The internal resistance of the battery is negligible.
Which option shows the readings on the three meters?
[Assume the ammeters have negligible resistance, and negligible current flows through the voltmeter.]
A. X = 1.0 A; Y = 0.0 A; Z = 12 V
B. X = 2.0 A; Y = 0.0 A; Z = 4.0 V
C. X = 1.0 A; Y = 2.0 A; Z = 8.0 V
D. X = 3.0 A; Y = 6.0 A; Z = 12 V
E. X = 1.0 A; Y = 2.0 A; Z = 6.0 V
In order to solve this question, we need to figure out what is the equivalent resistor: R_e.
Certain rules need to be remembered:
a) n resistors connected in series: R_e = R_1+R_2+\dotsc + R_n
b)m resistors connected in parallel: \frac{1}{R_e} =\frac{1}{R_1}+\frac{1}{R_2} + \dotsc +\frac{1}{R_m}
tip:
In the case when the values of the resistors are the same, it is nice to know that for 2 resistors with the value R in series, the equivalent is 2 \cdot R the resistor value, but when the resistors are in parallel, the equivalent is \frac{1}{2} \cdot R .
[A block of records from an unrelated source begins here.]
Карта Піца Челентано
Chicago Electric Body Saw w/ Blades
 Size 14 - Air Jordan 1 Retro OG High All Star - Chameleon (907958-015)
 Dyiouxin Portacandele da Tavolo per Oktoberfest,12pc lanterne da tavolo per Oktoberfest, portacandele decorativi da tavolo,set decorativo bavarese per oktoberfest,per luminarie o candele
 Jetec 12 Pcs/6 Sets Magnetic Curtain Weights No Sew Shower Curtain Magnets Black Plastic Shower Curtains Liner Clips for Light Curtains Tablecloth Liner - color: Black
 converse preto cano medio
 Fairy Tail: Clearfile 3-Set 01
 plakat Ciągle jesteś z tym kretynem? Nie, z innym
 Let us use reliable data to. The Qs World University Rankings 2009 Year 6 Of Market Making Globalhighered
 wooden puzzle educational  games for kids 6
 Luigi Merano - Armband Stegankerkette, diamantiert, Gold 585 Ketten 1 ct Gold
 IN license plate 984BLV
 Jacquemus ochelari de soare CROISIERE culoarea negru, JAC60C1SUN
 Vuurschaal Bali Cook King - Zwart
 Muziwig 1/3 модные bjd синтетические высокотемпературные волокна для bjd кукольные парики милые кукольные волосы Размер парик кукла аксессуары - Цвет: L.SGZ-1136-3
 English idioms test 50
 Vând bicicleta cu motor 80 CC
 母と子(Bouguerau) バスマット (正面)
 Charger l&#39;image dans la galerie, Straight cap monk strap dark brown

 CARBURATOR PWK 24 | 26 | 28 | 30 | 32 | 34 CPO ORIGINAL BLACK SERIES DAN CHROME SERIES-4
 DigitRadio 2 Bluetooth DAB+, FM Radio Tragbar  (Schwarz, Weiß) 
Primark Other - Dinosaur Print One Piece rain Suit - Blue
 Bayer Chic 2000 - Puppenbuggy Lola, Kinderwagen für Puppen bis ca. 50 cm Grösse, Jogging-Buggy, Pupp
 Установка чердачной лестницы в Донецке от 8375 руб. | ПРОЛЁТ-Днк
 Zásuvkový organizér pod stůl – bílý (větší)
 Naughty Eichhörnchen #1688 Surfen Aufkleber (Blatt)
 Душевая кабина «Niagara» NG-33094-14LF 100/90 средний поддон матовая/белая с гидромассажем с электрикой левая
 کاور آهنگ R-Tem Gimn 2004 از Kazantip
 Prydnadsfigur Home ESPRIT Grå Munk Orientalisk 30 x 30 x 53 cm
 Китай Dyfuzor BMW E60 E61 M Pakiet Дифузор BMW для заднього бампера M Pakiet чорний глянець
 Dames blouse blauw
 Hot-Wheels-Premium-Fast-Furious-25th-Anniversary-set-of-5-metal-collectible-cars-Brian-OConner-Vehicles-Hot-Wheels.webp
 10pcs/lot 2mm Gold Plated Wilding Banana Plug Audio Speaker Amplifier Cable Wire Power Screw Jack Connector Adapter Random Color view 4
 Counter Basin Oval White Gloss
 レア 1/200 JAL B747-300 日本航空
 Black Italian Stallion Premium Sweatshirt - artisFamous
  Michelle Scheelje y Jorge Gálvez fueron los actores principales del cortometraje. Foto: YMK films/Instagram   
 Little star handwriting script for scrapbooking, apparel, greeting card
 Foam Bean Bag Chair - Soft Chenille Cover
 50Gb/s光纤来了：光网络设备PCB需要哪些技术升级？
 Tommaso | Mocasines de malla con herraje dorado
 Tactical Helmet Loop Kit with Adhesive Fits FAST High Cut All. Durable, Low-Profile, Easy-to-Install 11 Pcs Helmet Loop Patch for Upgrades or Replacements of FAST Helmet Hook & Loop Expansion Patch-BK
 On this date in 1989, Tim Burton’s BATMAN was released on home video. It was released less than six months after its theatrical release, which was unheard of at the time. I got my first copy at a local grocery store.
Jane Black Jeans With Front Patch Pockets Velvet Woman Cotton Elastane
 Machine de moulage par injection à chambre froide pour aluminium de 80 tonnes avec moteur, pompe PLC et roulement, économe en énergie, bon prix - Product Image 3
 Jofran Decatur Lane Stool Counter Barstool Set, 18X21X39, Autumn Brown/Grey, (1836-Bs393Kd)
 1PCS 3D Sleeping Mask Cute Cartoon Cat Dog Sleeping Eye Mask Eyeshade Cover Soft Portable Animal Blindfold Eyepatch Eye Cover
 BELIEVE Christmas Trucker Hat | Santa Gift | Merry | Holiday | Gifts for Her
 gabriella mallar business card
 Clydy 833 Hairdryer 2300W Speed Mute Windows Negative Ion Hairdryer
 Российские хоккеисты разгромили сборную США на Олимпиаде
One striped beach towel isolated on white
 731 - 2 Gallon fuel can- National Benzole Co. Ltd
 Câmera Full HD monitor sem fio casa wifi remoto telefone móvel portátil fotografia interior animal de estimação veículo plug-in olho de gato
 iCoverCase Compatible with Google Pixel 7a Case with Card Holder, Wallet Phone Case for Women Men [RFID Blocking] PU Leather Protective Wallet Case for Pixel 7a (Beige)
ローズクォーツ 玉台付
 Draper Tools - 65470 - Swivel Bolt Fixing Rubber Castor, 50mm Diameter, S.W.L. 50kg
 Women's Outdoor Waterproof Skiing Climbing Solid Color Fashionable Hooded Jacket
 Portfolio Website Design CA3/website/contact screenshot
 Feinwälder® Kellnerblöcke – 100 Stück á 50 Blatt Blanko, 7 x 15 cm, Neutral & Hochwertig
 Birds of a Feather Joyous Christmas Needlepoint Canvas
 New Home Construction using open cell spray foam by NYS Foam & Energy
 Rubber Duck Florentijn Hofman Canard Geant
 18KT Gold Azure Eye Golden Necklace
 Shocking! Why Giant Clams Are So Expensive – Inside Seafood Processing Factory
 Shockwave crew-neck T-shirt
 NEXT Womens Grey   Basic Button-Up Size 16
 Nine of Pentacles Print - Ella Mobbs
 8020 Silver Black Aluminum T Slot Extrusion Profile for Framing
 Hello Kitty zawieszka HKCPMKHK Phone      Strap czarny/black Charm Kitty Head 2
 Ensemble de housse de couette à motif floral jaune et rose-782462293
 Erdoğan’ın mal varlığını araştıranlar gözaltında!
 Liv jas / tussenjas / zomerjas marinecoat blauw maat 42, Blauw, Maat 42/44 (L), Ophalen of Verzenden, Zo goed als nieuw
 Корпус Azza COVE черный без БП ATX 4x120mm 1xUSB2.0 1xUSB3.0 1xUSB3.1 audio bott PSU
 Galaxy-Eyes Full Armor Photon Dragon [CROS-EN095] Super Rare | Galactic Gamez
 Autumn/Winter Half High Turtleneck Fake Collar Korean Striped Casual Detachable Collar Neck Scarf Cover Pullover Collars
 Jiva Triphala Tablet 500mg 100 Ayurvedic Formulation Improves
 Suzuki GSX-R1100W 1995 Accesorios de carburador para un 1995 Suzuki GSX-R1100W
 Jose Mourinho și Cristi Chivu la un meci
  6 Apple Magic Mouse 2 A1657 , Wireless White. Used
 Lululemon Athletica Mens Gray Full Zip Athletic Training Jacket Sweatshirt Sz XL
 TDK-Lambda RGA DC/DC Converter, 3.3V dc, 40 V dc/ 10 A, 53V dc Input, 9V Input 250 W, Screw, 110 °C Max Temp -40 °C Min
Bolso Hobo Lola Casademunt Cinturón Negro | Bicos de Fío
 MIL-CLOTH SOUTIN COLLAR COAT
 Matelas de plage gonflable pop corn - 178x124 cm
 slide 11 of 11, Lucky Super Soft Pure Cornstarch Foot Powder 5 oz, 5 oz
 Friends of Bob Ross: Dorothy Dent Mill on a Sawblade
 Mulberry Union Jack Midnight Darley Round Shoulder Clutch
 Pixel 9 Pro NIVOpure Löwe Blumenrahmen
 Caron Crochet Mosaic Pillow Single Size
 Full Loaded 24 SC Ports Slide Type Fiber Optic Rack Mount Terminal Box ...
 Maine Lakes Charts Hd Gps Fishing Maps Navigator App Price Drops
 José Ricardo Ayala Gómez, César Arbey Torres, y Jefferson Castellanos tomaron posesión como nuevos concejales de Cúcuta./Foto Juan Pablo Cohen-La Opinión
So in this situation, the equivalent resistance is R_e = 4\Omega + \frac{1}{2} \cdot 4\Omega = 4\Omega + 2\Omega = 6\Omega
In order to get the current value in Y we need to take the voltage and divide it by the equivalent resistance: I_Y = \frac{12V}{R_e} =\frac{12V}{6\Omega}=2A
Having this in mind, we will automatically cross the solutions (A), (B) and (D) and incorrect.
Looking at the solutions (B) and (E) we can see that the difference is in the Z meter, so we will calculate this value.
To calculate the voltage on Z we need to know the rules of the voltage divider:
V_Z = \frac{R_Z}{R_e} \cdot 12V = \frac{4\Omega}{6\Omega} \cdot 12V = 4 \cdot 2V = 8V \to V_Z = 8V
Which means that the right solution is (C)